1967 drehte May Spils in Schwabing die Komödie mit Uschi Glas, die sechs Millionen Zuschauer ins Kino lockte. Die Dialoge machen den Reiz des schwarzweißen Films aus: Sprüche, Wortspiele, Wortschöpfungen und ironische Wendungen. Von Kirsten Martins

Über dieses Thema berichtet: kulturWelt am .

Was lief denn damals in den deutschen Kinos? Wahrhaft aufrüttelnde Erotikklamotten wie "Die Wirtin von der Lahn", und "Jungfrau aus Zweiter Hand", auch das New American Cinema mit "Bonnie und Clyde", und "Die Reifeprüfung". Im Aufklärungsfilm "Helga" fielen bei der Geburtsszene so viele Zuschauer in Ohnmacht, dass das Deutsche Rote Kreuz bei den Vorführungen anwesend sein musste. Und ein paar Jahre nach dem Oberhausener Manifest, das ein zeitgemäßes Kino forderte, zeigte Alexander Kluge seinen ersten Spielfilm "Abschied von Gestern". Volker Schlöndorff ließ sich für "Mord und Totschlag" vom amerikanischen Gangsterfilm inspirieren. Der junge deutsche Film jener Zeit war ernst, kopflastig und prätentiös.

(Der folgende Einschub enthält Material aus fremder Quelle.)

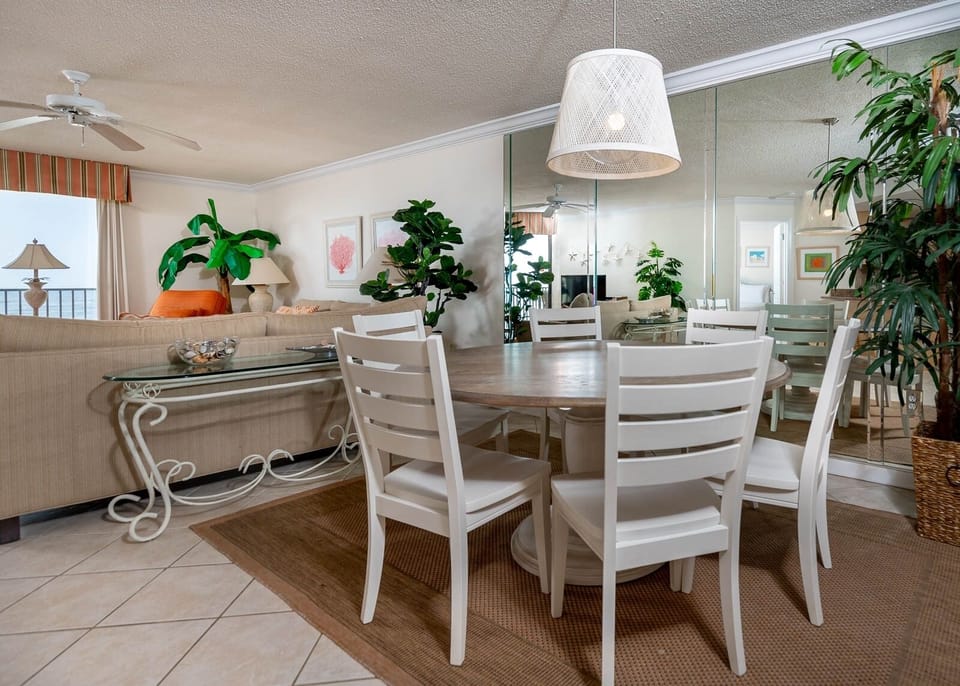 Gather around the round dining table surrounded by greenery and enjoy the inviting living space with beach views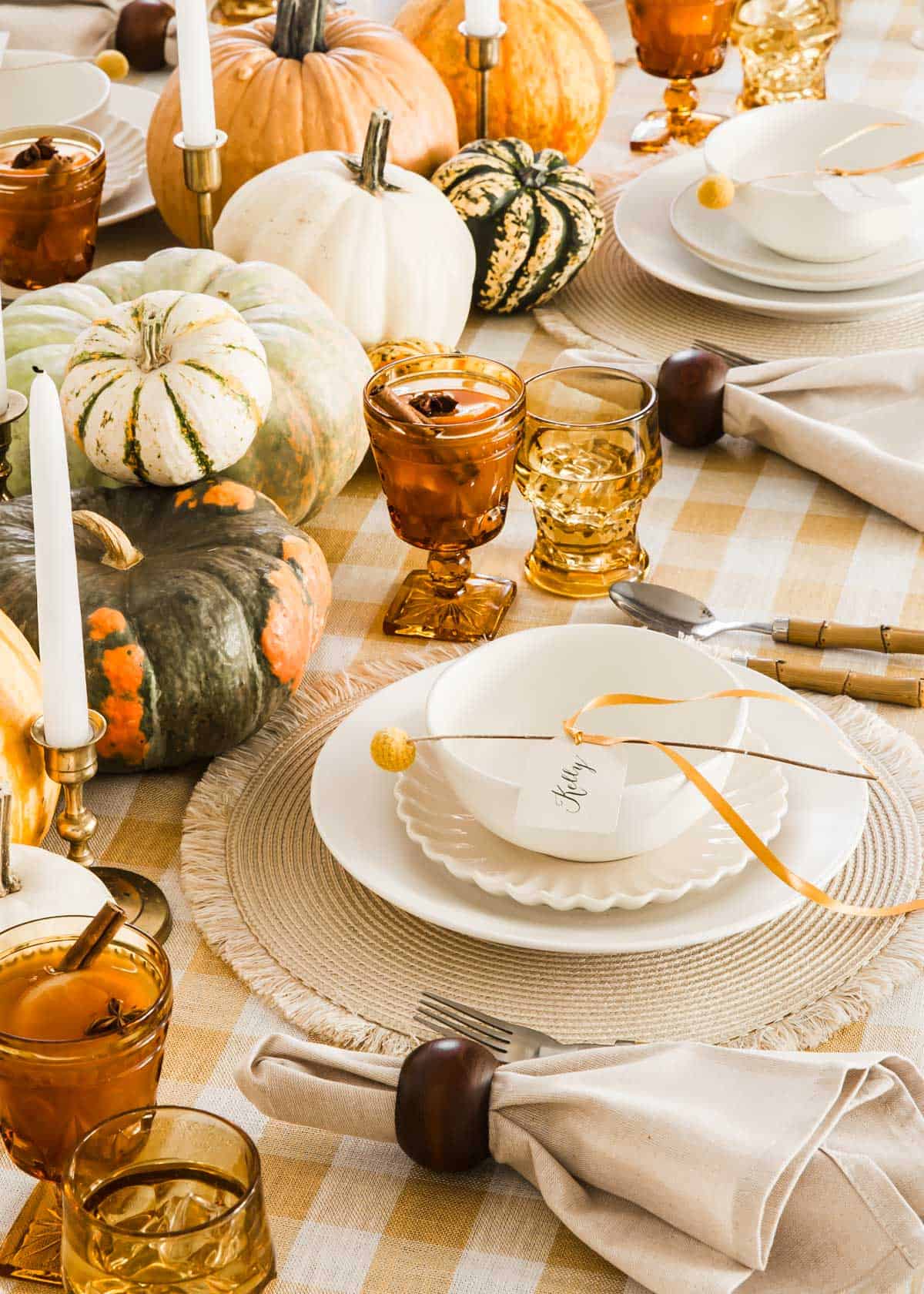 fall tablescape with yellow and cream dishes, tablecloth, and pumpkin centerpiece.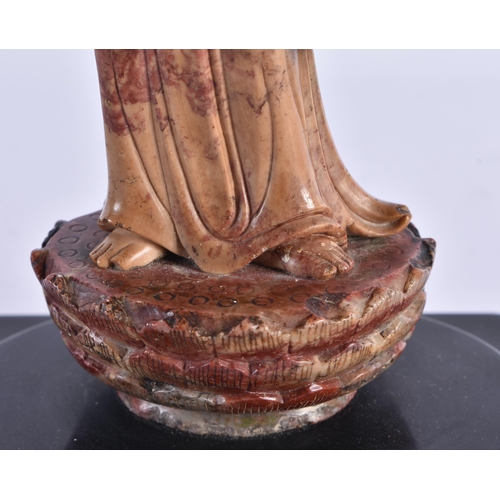 179 - A LATE 18TH/19TH CENTURY CHINESE CARVED SOAPSTONE FIGURE OF AN IMMORTAL Late Qianlong/Jiaqing. 23.5 ... 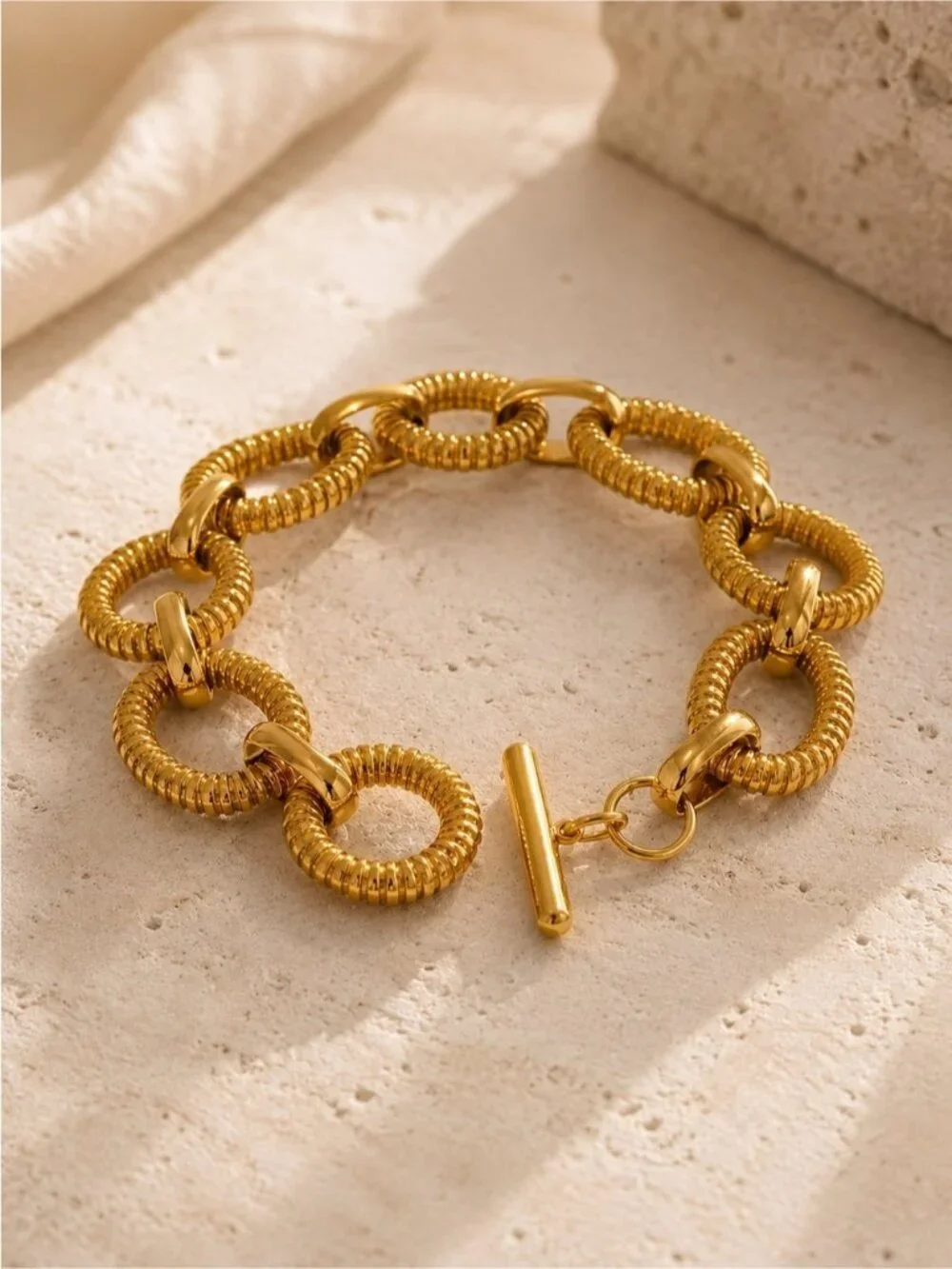 Textured Gold tone Link Toggle Bracelet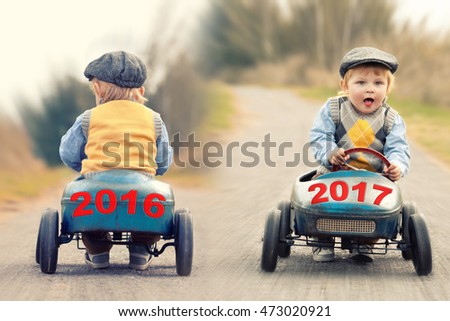 old year 2016 on a vintage old toy car leaving, new year 2017 on a vintage old toy car is coming
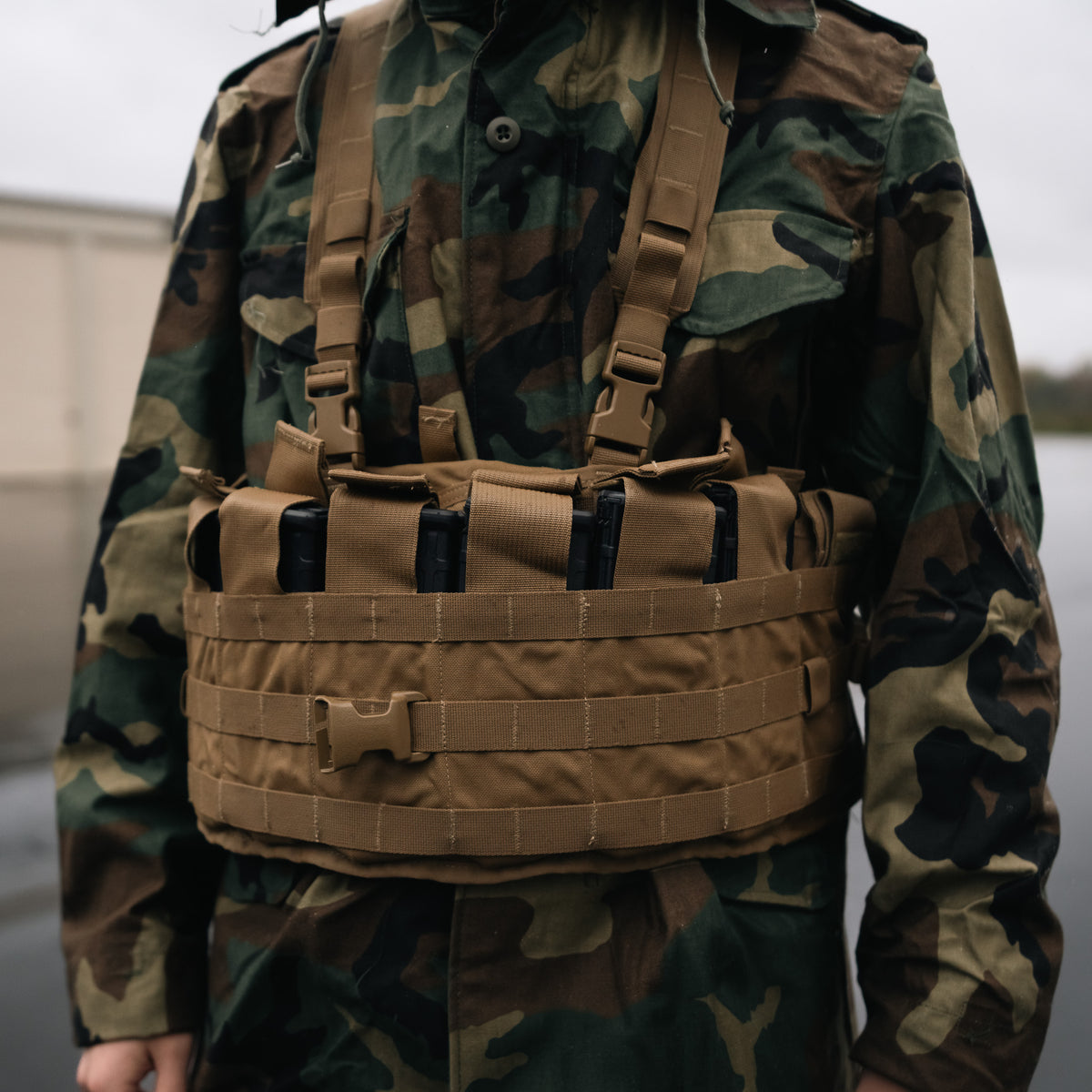 Close up of man wearing USMC TAP Chest Rig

Lässig und frech statt ernst und kopflastig

"Zur Sache Schätzchen" war anders. Die damals 26 Jahre alte May Spils und ihr Hauptdarsteller Werner Enke gehörten zur Münchner Gruppe um Klaus Lemke und Rudolf Thome, die lässige, antiautoritäre Filme drehten, die auf der Strasse spielten, schnelle Autos und rätselhafte Frauen zeigten und von der Nouvelle Vague beeinflusst waren.

In weißer Schiesser-Unterhose und gestreiftem Hemd liegt der 25-jährige Martin auch nachmittags noch im Bett, unordentlich ist sein Zimmer, auf dem Tisch steht eine Schreibmaschine, Papier ist nicht zu sehen. Martin interessieren weder Konventionen, noch Arbeitserfolg, Geld oder Politik. Er verweigert die Normen der bundesdeutschen Leistungsgesellschaft, des Aufbaus, des "Schaffe, schaffe, Häusle baue" - er macht sich über alles und alle lustig und wurstelt sich mit Gelegenheitsjobs durchs Leben. Eigentlich würde der sanftmütige Nichtstuer am liebsten im Bett bleiben, doch dann sieht man ihn in den nächsten Szenen durch München flanieren, laufen und fahren.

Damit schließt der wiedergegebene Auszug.